As the saga of Price’s soldier unfolds, stores of four additional soldiers appear in dream sequences. Emily Weinberg’s assertive, sonorous mezzo-soprano made a convincing Toledo, a soldier from the wrong side of the tracks who overcomes prejudice and indignities from her officers. I was particularly moved by the eloquent bass baritone Sergeant First Class Ian Bowling as he gave his testimony—seated in a wheelchair—to his home congregation about military service. This soldier recounts his pastor’s invitation to address his congregation that included the prod, “Of course you will talk about faith!” The soldier’s description of how military combat had affected his faith was no doubt a shock to the pastor’s naive, condescending request.

Walter DuMelle [photo (c.) Estaban Marin]

Master Sergeant Benjamin Hilgert came up with the original concept of The Falling and the Rising, and he sang the role of the flier who poetically communicates the exhilaration of parachuting to Price. His agile but light tenor did not quite measure up to the vocal prowess of the rest of the cast. If their voices were decorated veterans, his voice was still in boot camp. Walter DuMelle’s dependable, resonant bass proved crucial as he portrayed a Colonel’s grief over the loss of a beloved spouse.

Considering the complexity of Redel’s instrumental score, hiring Keltner to conduct was a prudent move, and the small chorus under her direction proved equally disciplined.
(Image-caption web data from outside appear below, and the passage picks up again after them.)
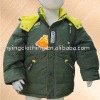 boy clothes(apparel,coat,jacket,outerwear)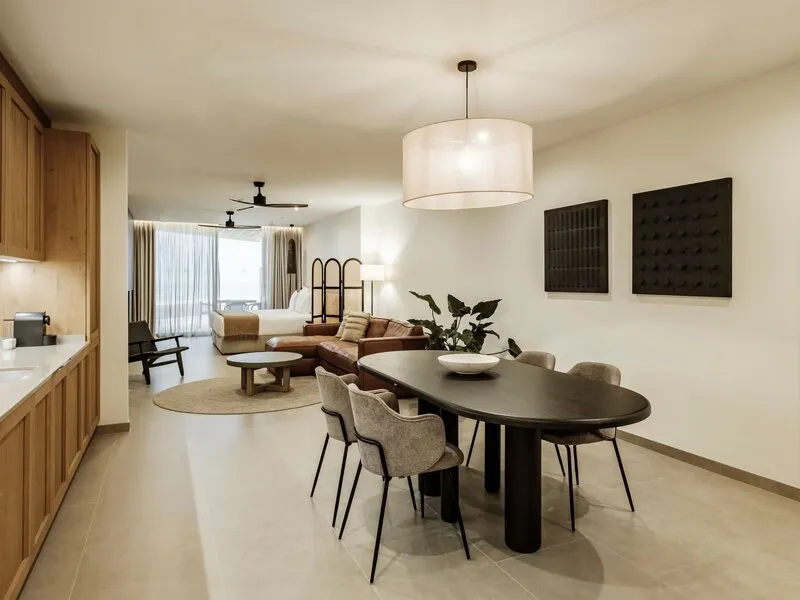 AX The Heights Residences · Anbieterbild von TUI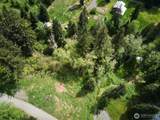 140 Skinner Road - Photo 1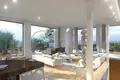 3 bedroom house 185 m² Krimovice, Montenegro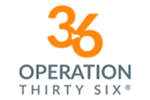 OPERATION 36 WOMENS PROGRAM
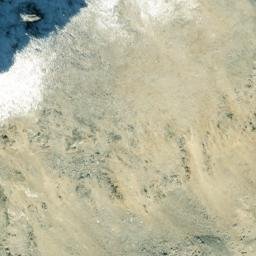Satellite imagery of Piz Chalchagn, CH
In the modest confines of Point Loma Assembly’s performance area, the orchestra played from the stage, and the singers used a rather wide center aisle with several rows of chairs for the audience facing that center space. Although it was an unusual configuration, stage director Kym Pappas and lighting designer Twyla Arant proved miraculously resourceful.

This opera was presented by Bodhi Tree Concerts at the Point Loma Assembly on Friday, May 10, 2024, with additional performances on May 11 & 12.

1 Comments

  1. Connie Coe on May 13, 2024 at 2:34 pm

    It was my first Opera, and I thoroughly enjoyed the performance. The singing was stellar and the emotional presentation was class. I hope more performances are planned. The cast was fantastic and all of them did a outstanding work.